I have never been confident in my ability to keep myself in a state of grace. Some Christians seem quite confident of their power to live a good life and keep themselves in a condition of salvation. So it seems that, in the end, their salvation will be due to two things: (1) what Christ did for them and (2) what they did for themselves. I have never understood this mentality.
We are like sheep. Everyone knows that sheep are stupid, and if left to themselves will get themselves lost or killed, maybe both. They are entirely dependent on the skill, devotion, and faithfulness of the shepherd. They are not wild stallions who gallop over the plains, finding their own food, fighting off predators, and generally fending for themselves. If they have to take care of themselves, sheep will die.
The Apostle Paul knew this. When he said (Galatians 2:20), "...the life I now live, I live by faith in the Son of God, who loved me and gave himself for me," most Bibles translate as it is translated here. However, the word translated "faith" in Greek is pistis, which can, and often does, mean "faithfulness." Furthermore, the grammatical structure of "Son of God" is genitive, rather than dative. So it is "faith of" or "faithfulness of" the Son of God, rather than faith in.

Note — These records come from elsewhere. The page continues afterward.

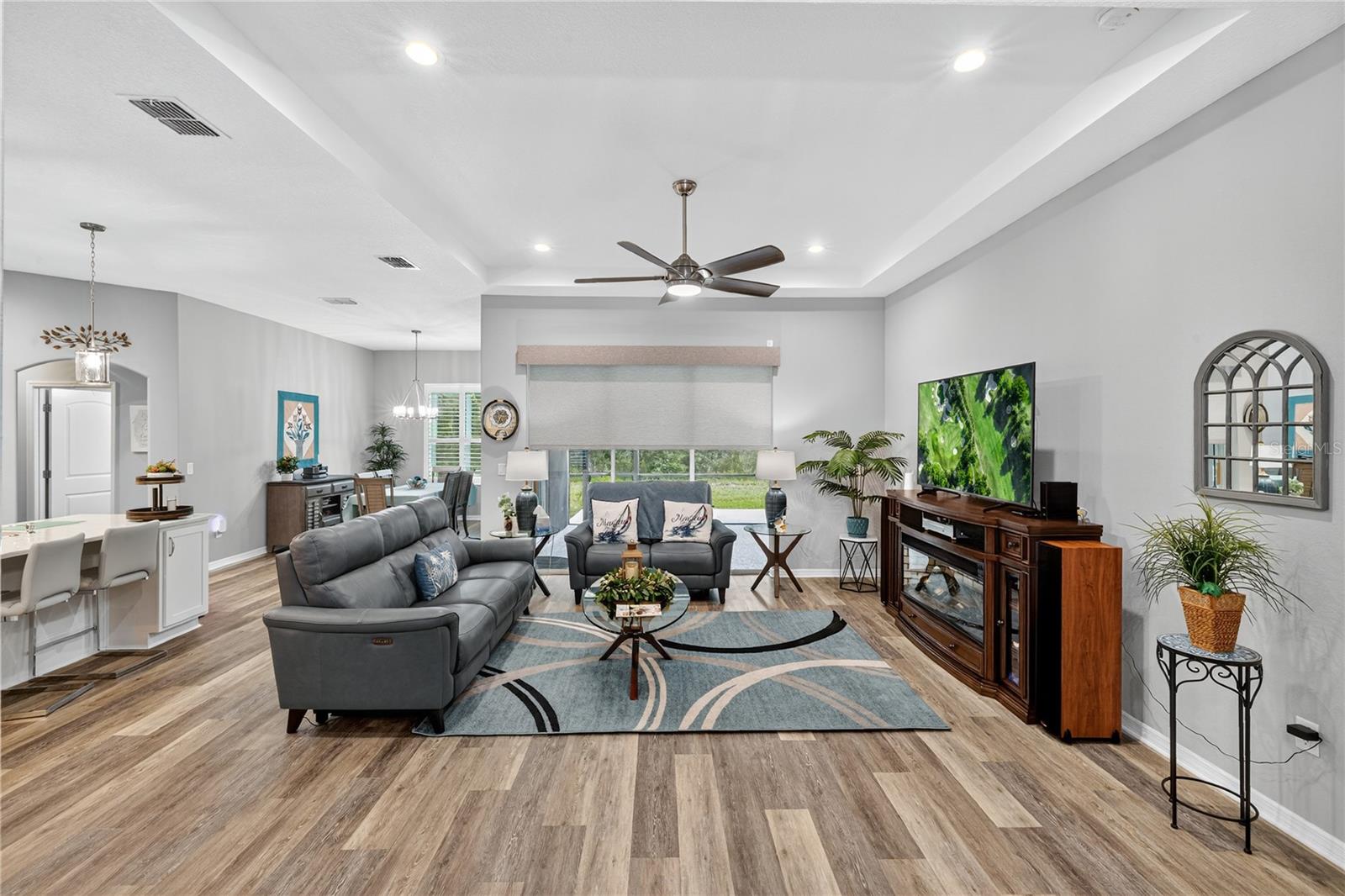 Image 4 of 37 For 17 Plumbago Court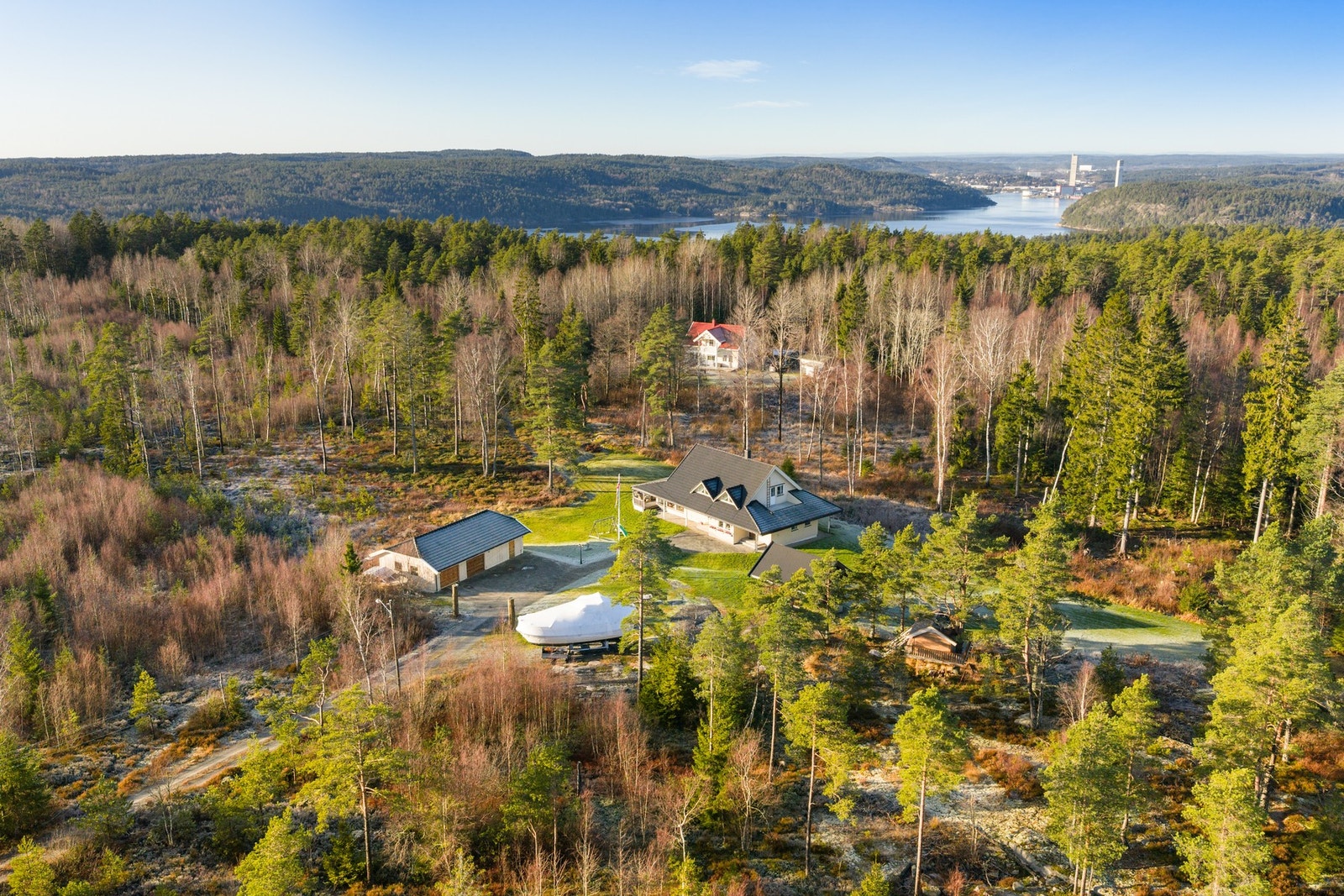 Eiendommen ligger i landlige omgivelser, men likevel med sentral avstand til Halden
sentrum (ca.3.5 km. til sydsiden). Galleribilde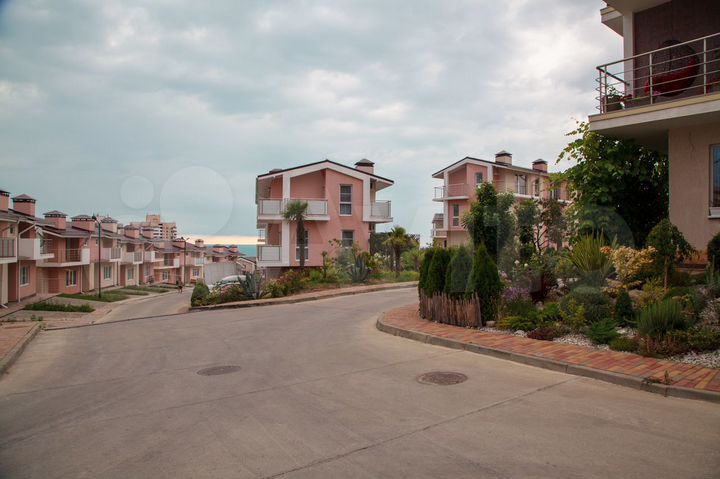 Таунхаус 158 м² на участке 3 сот.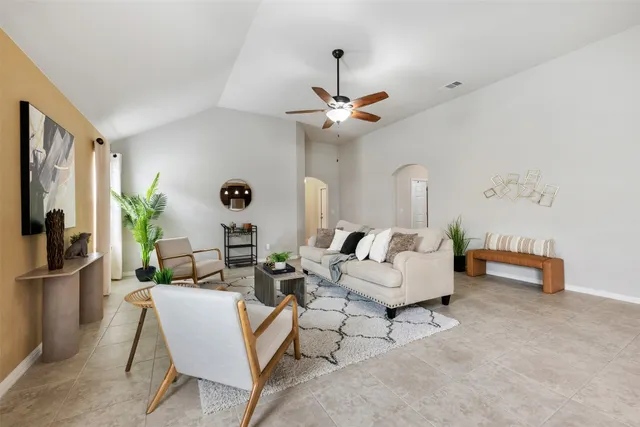 $399,000 | 433 Rusk Bluff Avenue, Leander, TX 78641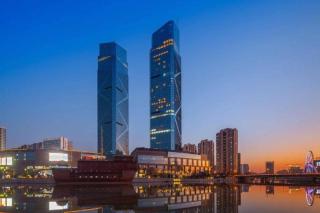 Dongwu New Century Grand Hotel Huzhou - 9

Paul was not saying he was keeping himself in a state of grace by his own faith, or faithfulness. Rather he was living, and surviving spiritually, by the faithfulness of Christ Himself.
We put too much burden on our flimsy faith, which even in the best of times isn't very strong. But now look at the verse again: "...the life I now live, I live by the faithfulness of the Son of God, who loved me and gave himself for me."
Jesus is the one who does what needs to be done for our salvation. Remember, it's a completed work. All we need to do is to love him, thank him, and trust in his faithfulness. Service will come naturally once we know that we are secure in Him. "For Christ's love compels us [to serve him]..." (2 Cor. 5:14).